- _TASK INSTRUCTIONS_: Please set down only the lines from the one containing "Medium sized farmhouse" through the end of the entries below, exactly, minus any pictures.

*** Opening of INPUT FOR THIS TASK ***

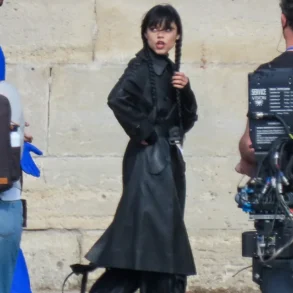 Woman in a long black trench coat with two braided pigtails stands on a film set beside camera gear against a stone wall.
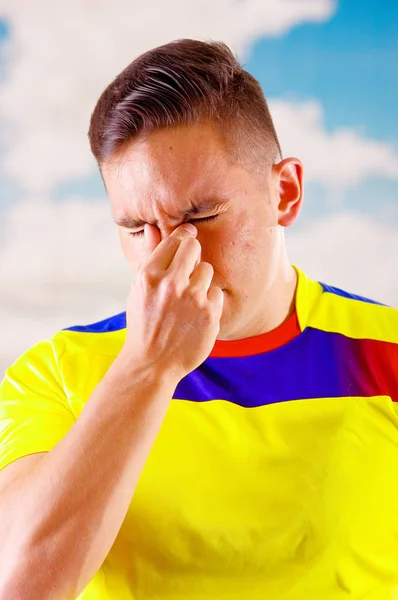 Joven ecuatoriano vistiendo camiseta oficial de fútbol maratón de pie frente a cámara, lenguaje corporal muy comprometido viendo el juego con gran entusiasmo, cielo azul y fondo de nubes —  Fotos de Stock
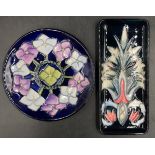 Two Moorcroft pin trays one circular with blue, purple and green flower design 16cm d the other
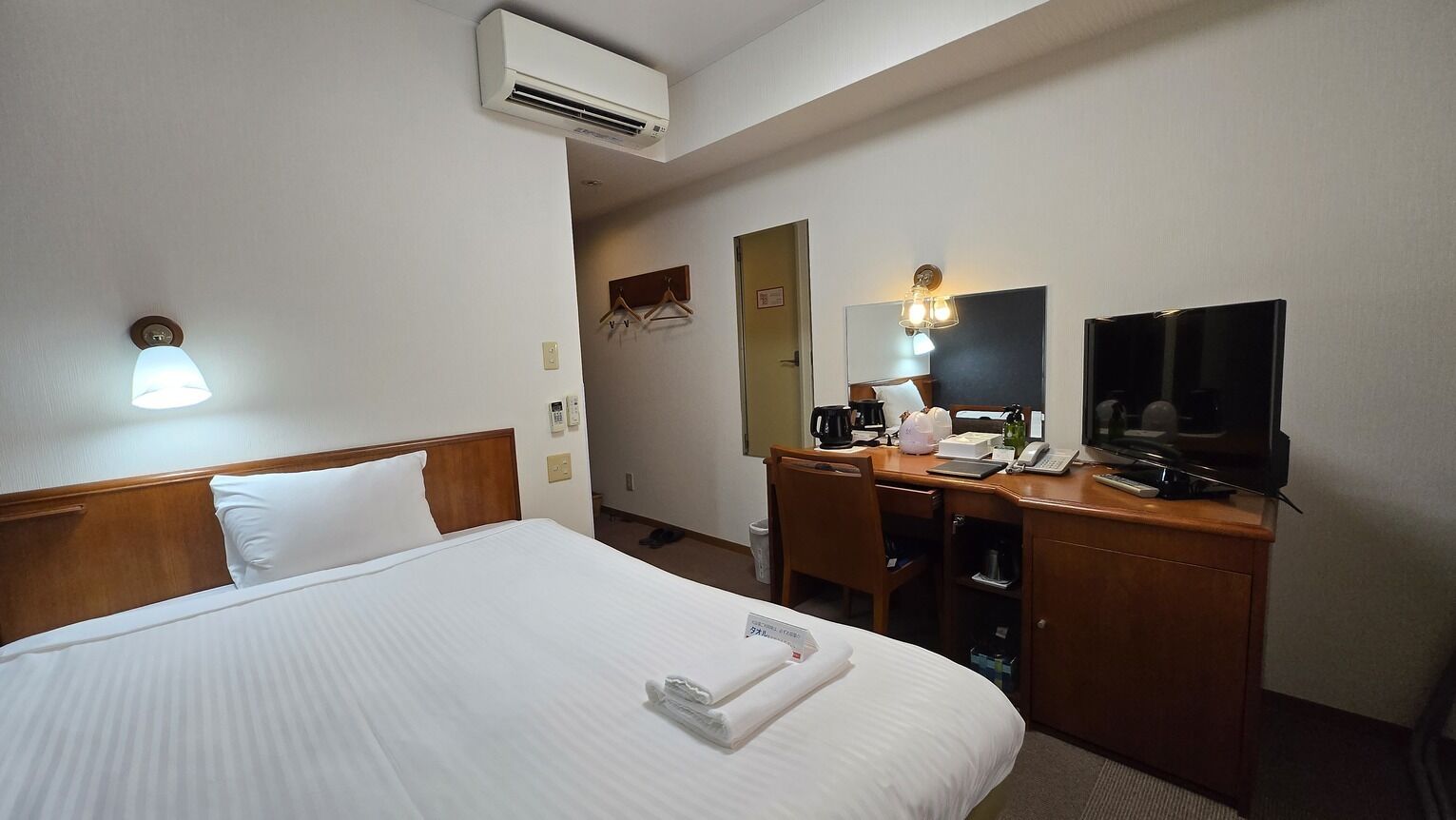 A hotel room with a bed, a desk, a television, and an air conditioning unit.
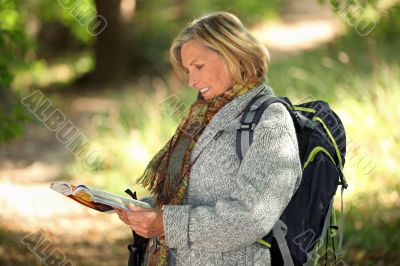 Older woman looking at a map in a forest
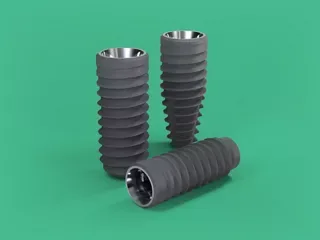 Three Straumann implants with a fine, matt grey surface.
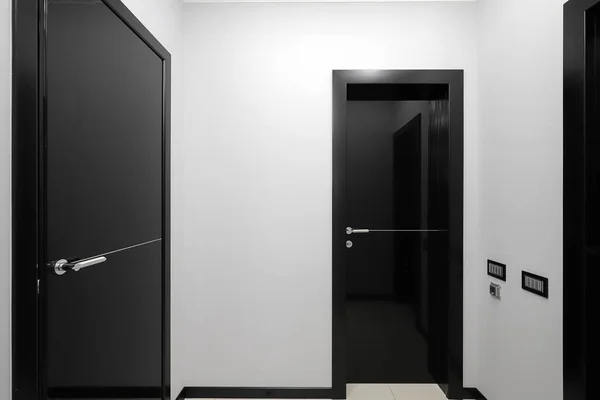 Black interior doors in the apartment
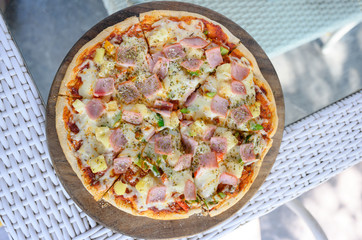Hawaiian Pizza. Pizza topped up with pineapple, ham, onions, cheese, tomatoes, bacon,Bell pepper and sauce. top view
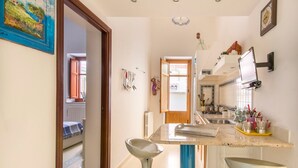 A modern kitchen with a central island, a dining area with a chair, and a hallway leading to a bedroom. - La Casa di Sara a Mondello by Wonderful Italy (Palermo)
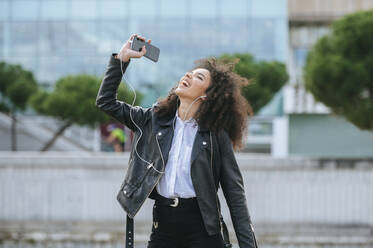 Cheerful young woman with afro hairstyle enjoying while dancing and listening music - KIJF03178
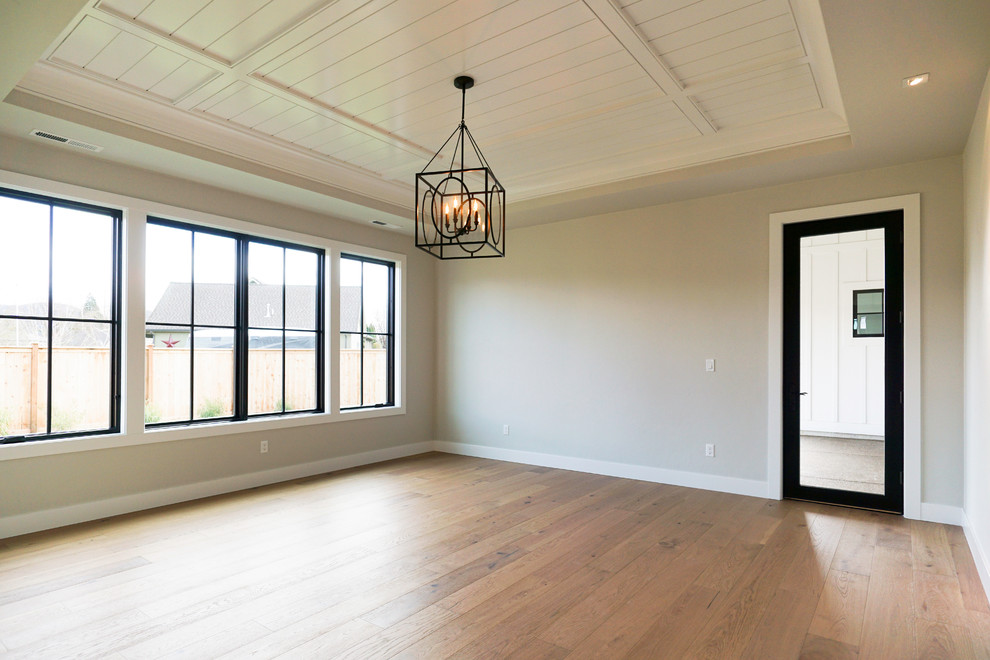 Medium sized farmhouse master bedroom in Portland with grey walls, light hardwood flooring and multi-coloured floors.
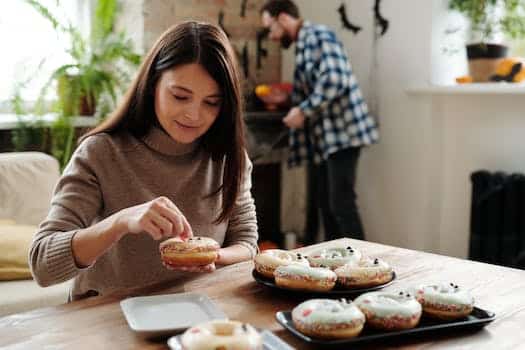 Woman Decorating Halloween Donuts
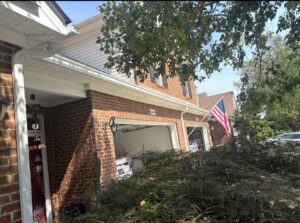 New white gutters installed on the side of a brick house by Knoxville Guttering and Home Improvements in Knoxville, TN.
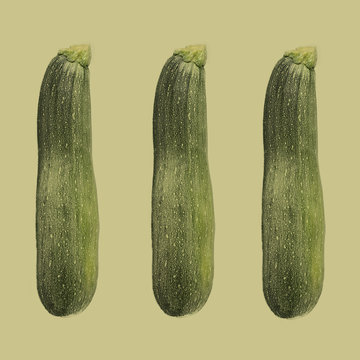 Three courgettes against plain background
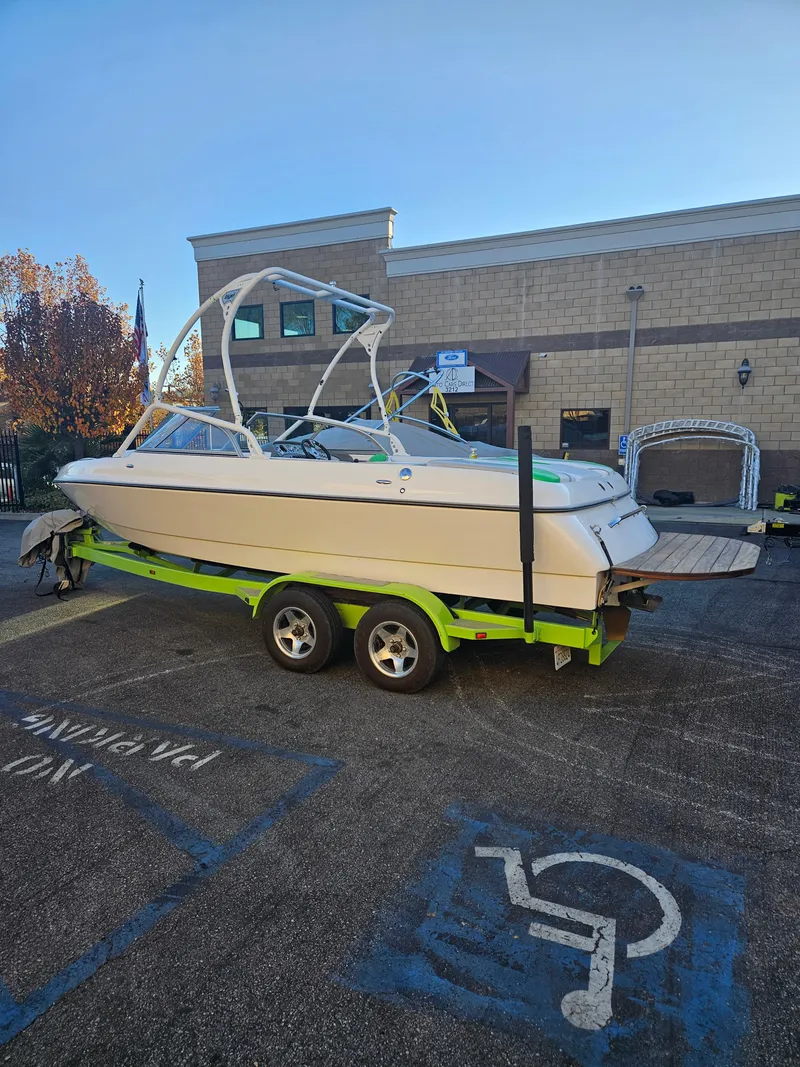 Slide: The Image of 2005 Tigé 22V boat on a trailer in a parking lot. - 1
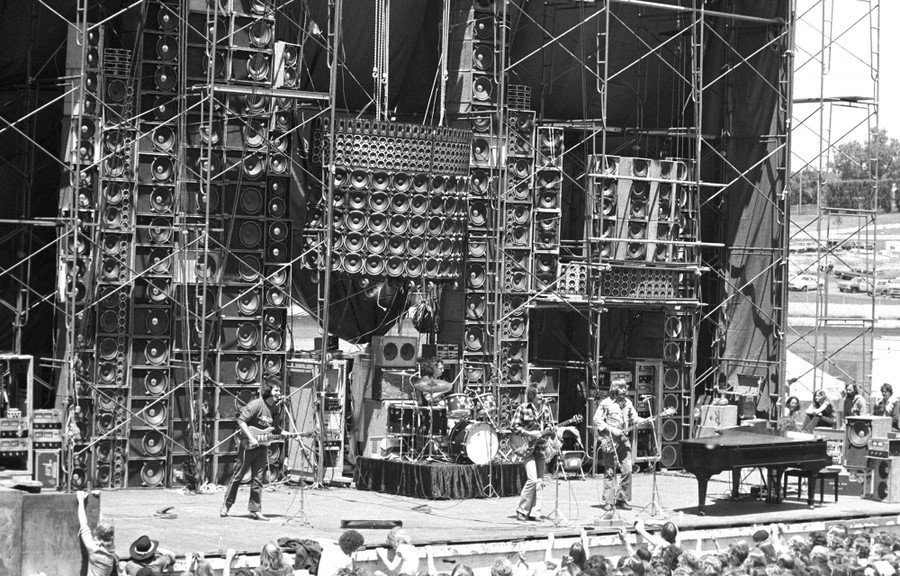 The Grateful Dead perform on a stage in front of an enormous wall of stacked speakers.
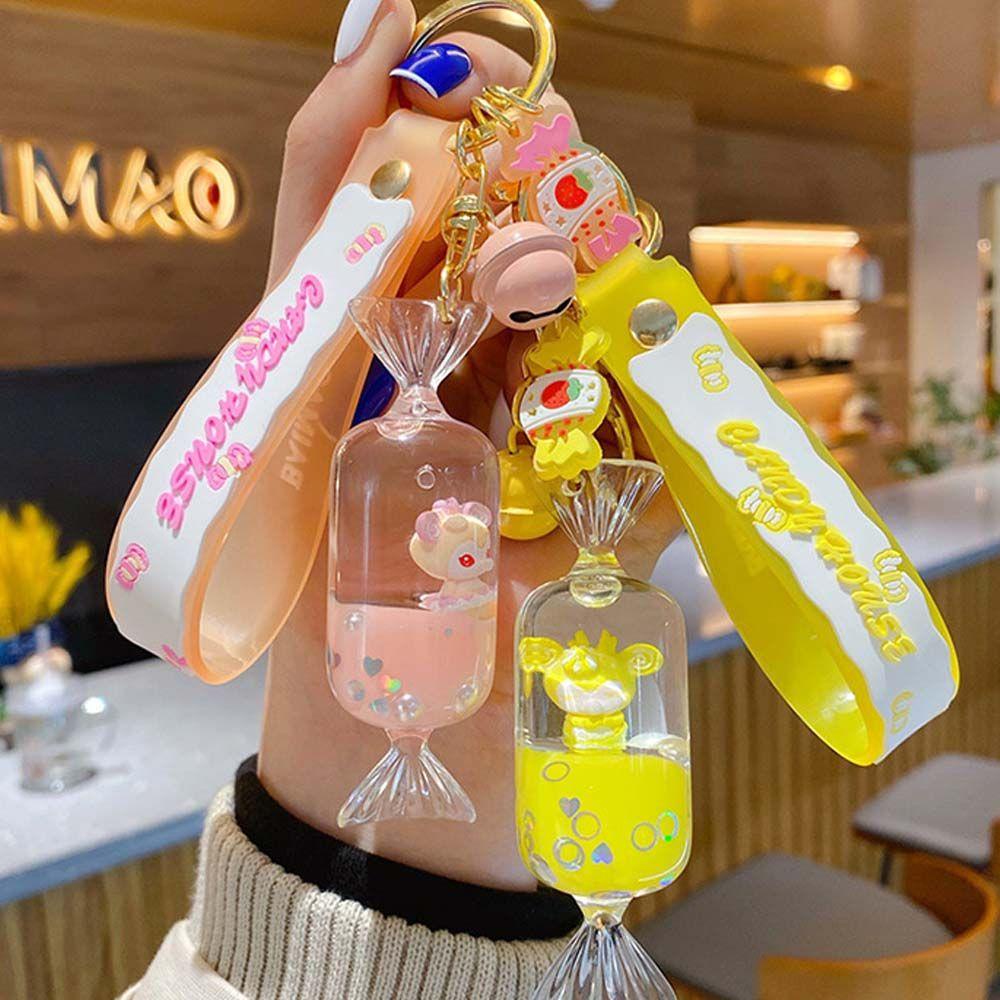 Móc Khóa Cặp Đôi Búp Bê Hoạt Hình Bằng Acrylic Phối Cát Lún Sáng Tạo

*** Close of INPUT FOR THIS TASK ***

- _ANSWER AREA_:
 Medium sized farmhouse master bedroom in Portland with grey walls, light hardwood flooring and multi-coloured floors.
 Woman Decorating Halloween Donuts
 New white gutters installed on the side of a brick house by Knoxville Guttering and Home Improvements in Knoxville, TN.
 Three courgettes against plain background
 Slide: The Image of 2005 Tigé 22V boat on a trailer in a parking lot. - 1
 The Grateful Dead perform on a stage in front of an enormous wall of stacked speakers.
 Móc Khóa Cặp Đôi Búp Bê Hoạt Hình Bằng Acrylic Phối Cát Lún Sáng Tạo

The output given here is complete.